Marie-Sophie Laborieux est la mémoire vivante, le point focal de
Texaco. le quartier, tenant son nom du complexe pétrolifère niché dans la mangrove et qu'il surplombe en partie, est une sorte d'excroissance de "l'En-ville", Fort-de-France. Ensemble hétéroclite d'habitations faites de bric et de broc, il s'est développé, tel un madrépore, sous le regard hostile du béké propriétaire du terrain, qui n'a eu de cesse d'aller quérir les "céhêresses" pour mettre un terme à cette violation patente du droit de propriété. Aussitôt démantelé, aussitôt reconstruit. Sous l'impulsion de la câpresse - qui en a vu d'autres, et avec l'aide providentielle du maire charismatique et populaire
Aimé Césaire, le quartier, phénix renaissant de ses cendres ou chancre incurable selon que vous en soyez l'habitant ou un représentant de la loi et des possédants, demeure, insubmersible.

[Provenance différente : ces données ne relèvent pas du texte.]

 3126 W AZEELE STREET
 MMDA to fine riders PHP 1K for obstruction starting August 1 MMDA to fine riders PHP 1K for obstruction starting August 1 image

Scandé par des extraits apocryphes des Cahiers de Marie-Sophie Laborieux ainsi que de Notes de l'urbaniste au Marqueur de paroles, traduisant la mise en abîme du récit et la valeur mémorielle et orale d'un patrimoine immatériel de la créolité,
Texaco retrace les tribulations d'une famille depuis le XIXème siècle, chassée
De Saint-Pierre par l'irruption de la montagne Pelée, ballottée par les remous de l'histoire, jusqu'à son installation dans le bidonville aux marges de la capitale martiniquaise. A travers cette famille, c'est la destinée du peuple antillais, son émancipation progressive de l'idéologie colonisatrice dominante de la France de la métropole qui est retracée. L'argument du roman tiens sa force dans le partit pris formel de l'auteur, dont la langue est un mélange savoureux de français et de créole. Très franchement, on ne comprend pas tout, à moins d'avoir recours continuellement aux moteurs de recherche, au risque de nuire au rythme du récit, pas spécialement ébouriffant en lui-même. En l'absence de notes de bas de page, qu'on aurait fort apprécié, le texte étant loin d'être dénué de qualités littéraires, on se laisse porter par la puissance évocatrice des vocables inusités du récit, ce qui crée un certain flou poétique que certains apprécieront ; je n'en suis pas. L'ensemble, assez inégal, requiert une lecture soutenue, sous peine de se perdre quelque peu dans cette masse narrative.